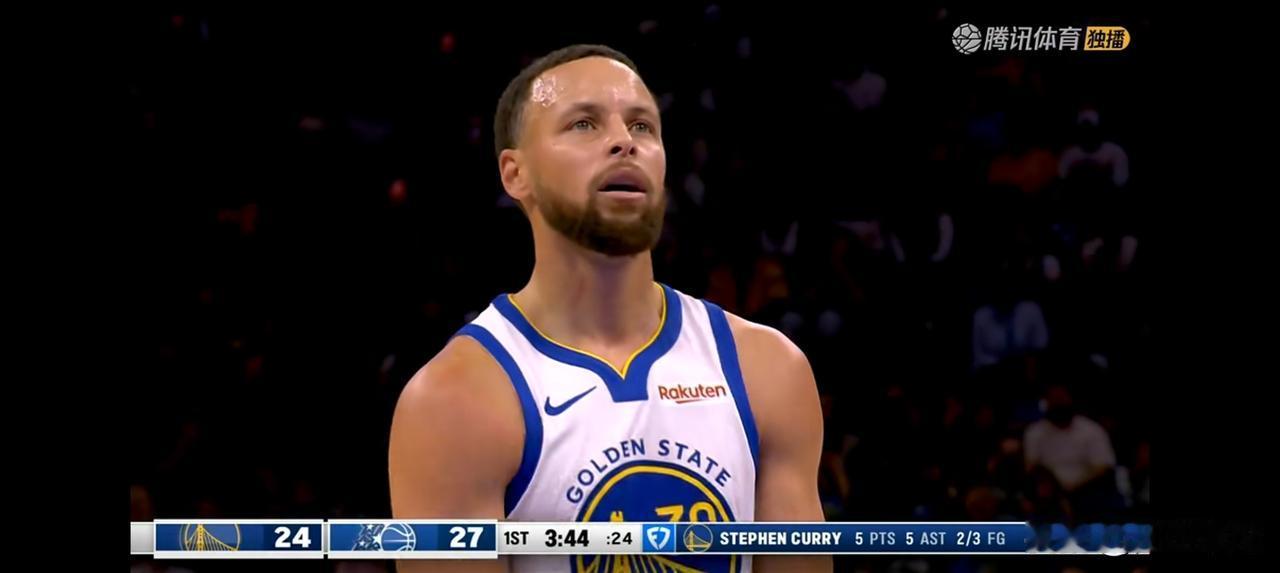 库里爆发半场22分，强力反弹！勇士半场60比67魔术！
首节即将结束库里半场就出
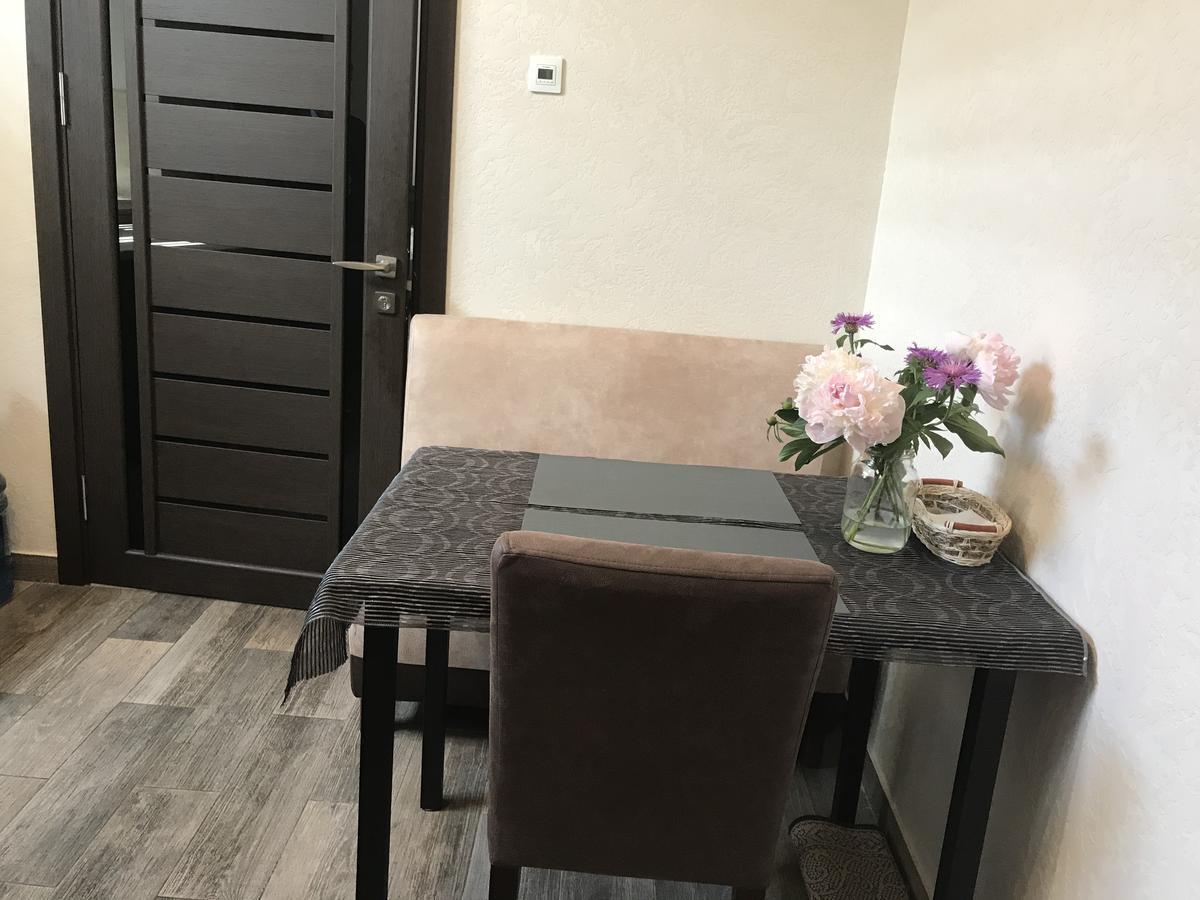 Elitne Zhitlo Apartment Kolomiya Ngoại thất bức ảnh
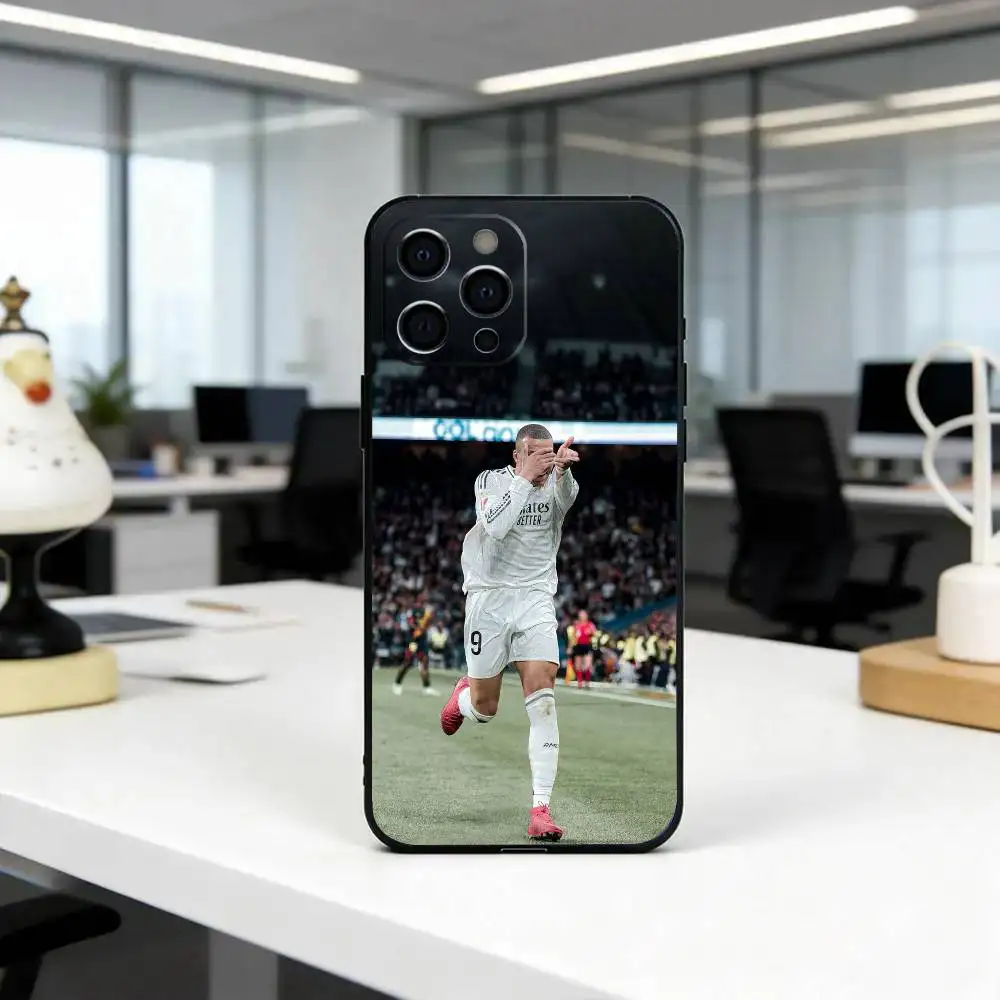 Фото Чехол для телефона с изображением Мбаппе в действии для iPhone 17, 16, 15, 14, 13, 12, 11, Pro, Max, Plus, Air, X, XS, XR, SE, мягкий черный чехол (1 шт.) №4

- _EXERCISE INSTRUCTIONS_
All of the data must be given again exactly, without the pictures.

- _RESULT FOR THIS EXERCISE_
 库里爆发半场22分，强力反弹！勇士半场60比67魔术！
首节即将结束库里半场就出
 Elitne Zhitlo Apartment Kolomiya Ngoại thất bức ảnh
 Фото Чехол для телефона с изображением Мбаппе в действии для iPhone 17, 16, 15, 14, 13, 12, 11, Pro, Max, Plus, Air, X, XS, XR, SE, мягкий черный чехол (1 шт.) №4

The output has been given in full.